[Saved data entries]
────────────────────

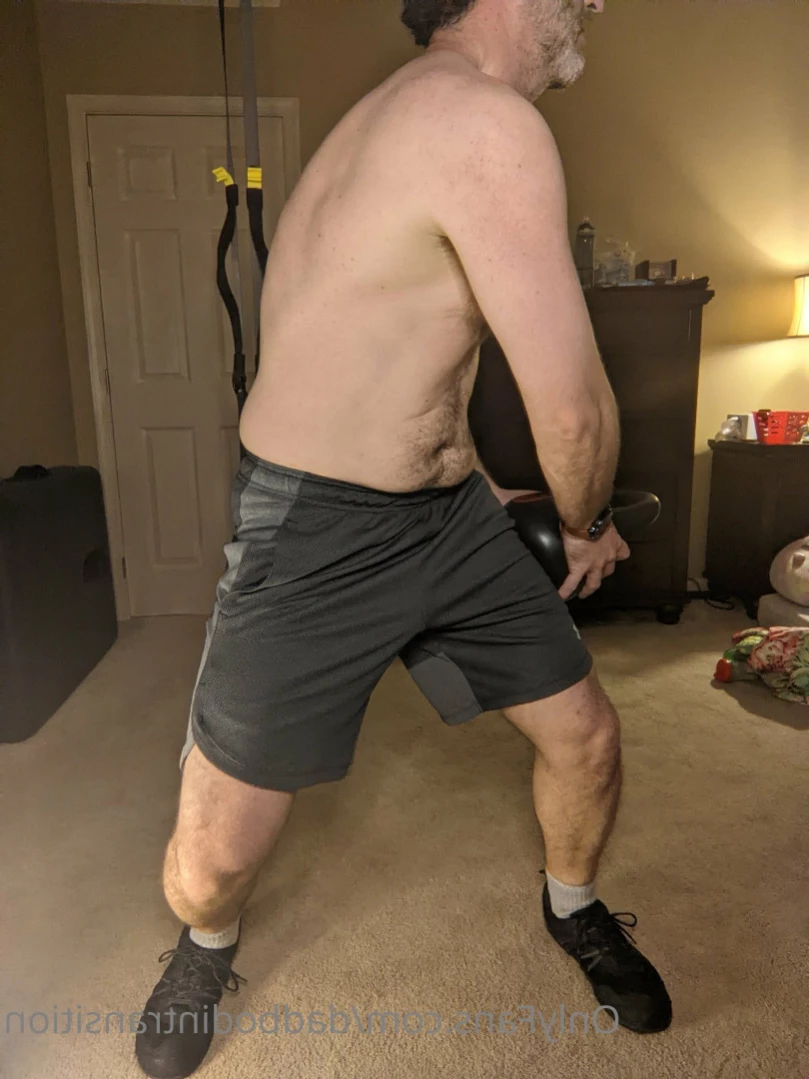 dadbodintransition Onlyfans leaked photo 12641600 on Hotleaks.tv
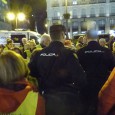   EL colectivo empieza a poner nervioso al Gobierno Yay@flautas Tras cinco años de #LunesEnSol, ayer, lunes 26 de febrero, la Policía ha comenzado con identificaciones a yay@flautas mientras animábamos […]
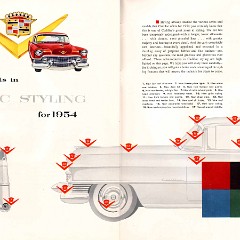 1954_Cadillac_Brochure-31-32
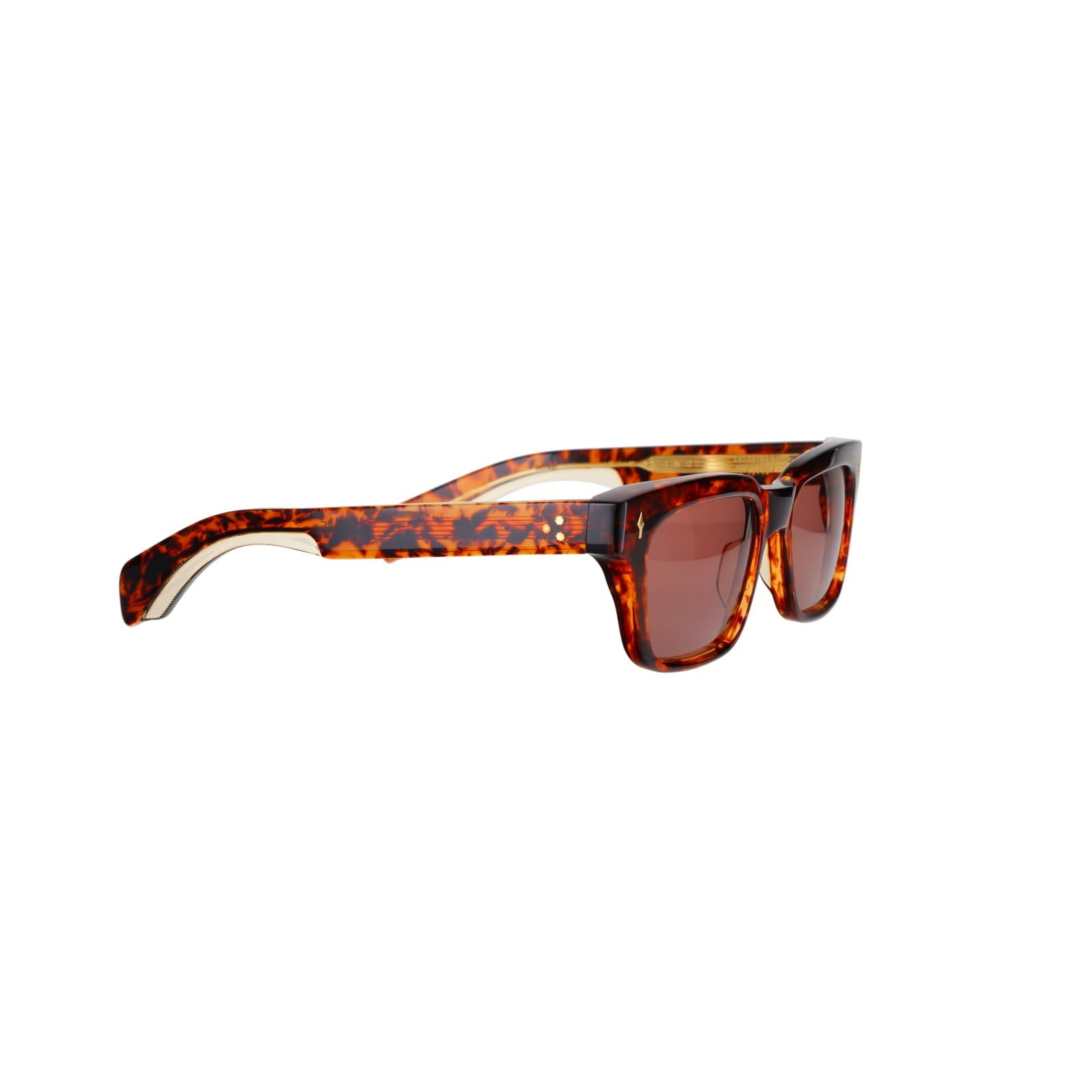 Molino 51  Sunglasses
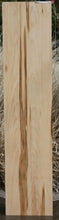 Load image into Gallery viewer, Ambrosia Maple Lumber
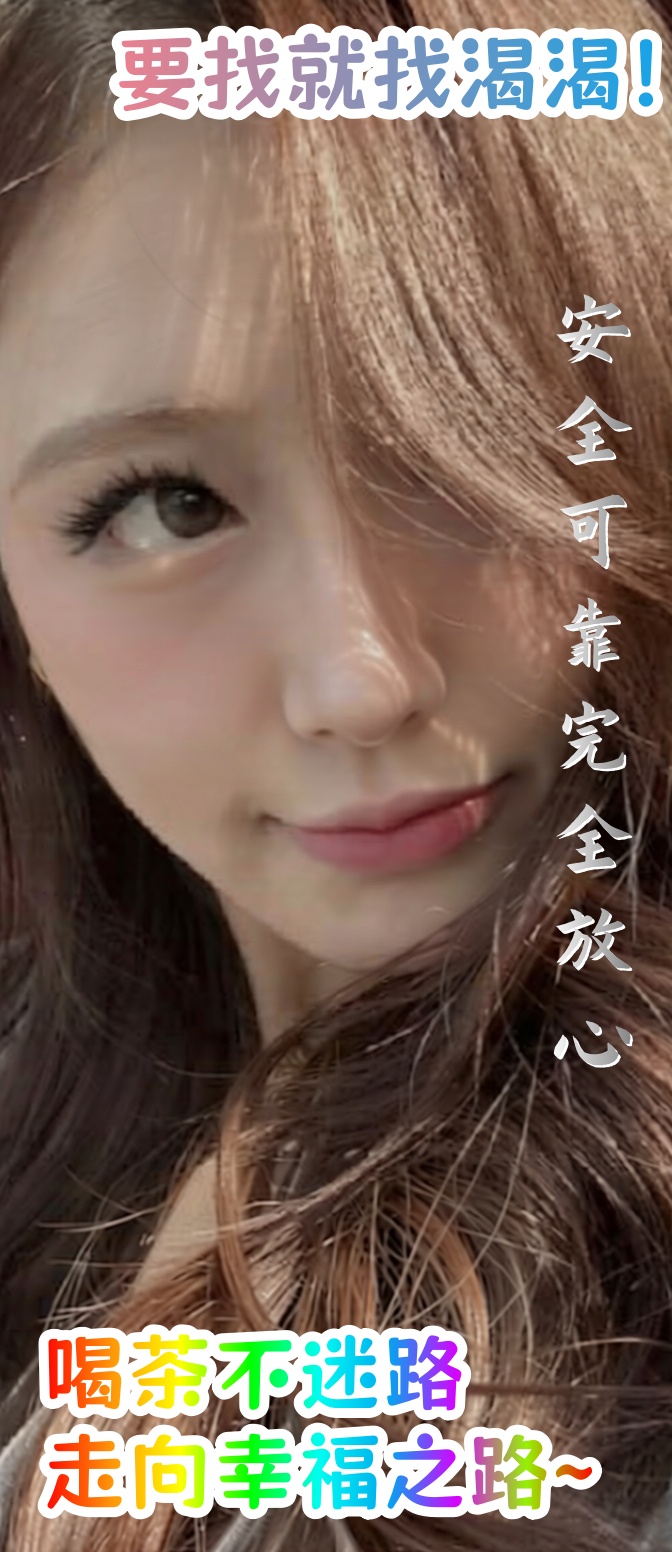 https://c.gleezy.top/b1182780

────────────────────

Prompt:
Could you retype all the entries above exactly, without the pictures?

Response to this exercise:
 dadbodintransition Onlyfans leaked photo 12641600 on Hotleaks.tv
   EL colectivo empieza a poner nervioso al Gobierno Yay@flautas Tras cinco años de #LunesEnSol, ayer, lunes 26 de febrero, la Policía ha comenzado con identificaciones a yay@flautas mientras animábamos […]
 1954_Cadillac_Brochure-31-32
 Molino 51  Sunglasses
 Load image into Gallery viewer, Ambrosia Maple Lumber
 https://c.gleezy.top/b1182780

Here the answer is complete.